ONS-5010/ LYTENAVA™ (bevacizumab-vikg) is an investigational ophthalmic formulation of bevacizumab under development to be administered as an intravitreal injection for the treatment of wet AMD and other retinal diseases. Bevacizumab is a full-length, humanized anti-VEGF (Vascular Endothelial Growth Factor) recombinant monoclonal antibody (or mAb) that inhibits VEGF and associated angiogenic activity.

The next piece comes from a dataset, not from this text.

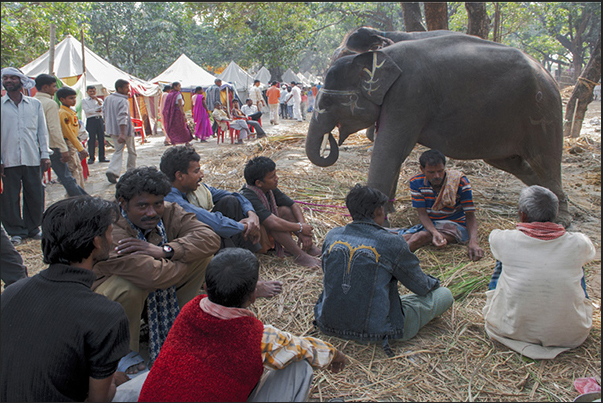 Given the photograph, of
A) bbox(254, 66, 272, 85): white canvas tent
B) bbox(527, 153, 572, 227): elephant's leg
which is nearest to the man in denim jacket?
bbox(527, 153, 572, 227): elephant's leg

The U.S. Food and Drug Administration, which had accepted Outlook Therapeutics’ Biologics License Application (BLA) filing for review for ONS-5010 to treat wet AMD, issued a Complete Response Letter (CRL) on the PDUFA date of October 27, 2022. While the FDA acknowledged the NORSE TWO pivotal trial met its safety and efficacy endpoints, the Agency concluded it could not approve the BLA during this review cycle due to several CMC issues, open observations from pre-approval manufacturing inspections, and a lack of substantial evidence. Outlook Therapeutics is working closely with the FDA to address the Agency’s concerns so that the BLA can be re-submitted for approval. The Company will request a Type A meeting as soon as possible to discuss the CRL and determine potential paths forward for the approval of ONS-5010 for the treatment of wet AMD.
The submission is supported by Outlook Therapeutics’ wet AMD registration clinical program, which consists of three clinical trials: NORSE ONE, NORSE TWO, and NORSE THREE. The BLA that Outlook Therapeutics submitted is under the Public Health Service Act (PHSA) 351(a) regulatory pathway. If the BLA is approved, it is expected to result in 12 years of marketing exclusivity for ONS-5010 as the first and only ophthalmic formulation of bevacizumab approved by the FDA to treat wet AMD.
Outlook Therapeutics also intends to commence additional clinical trials for ONS-5010 in DME and BRVO following approval for wet AMD.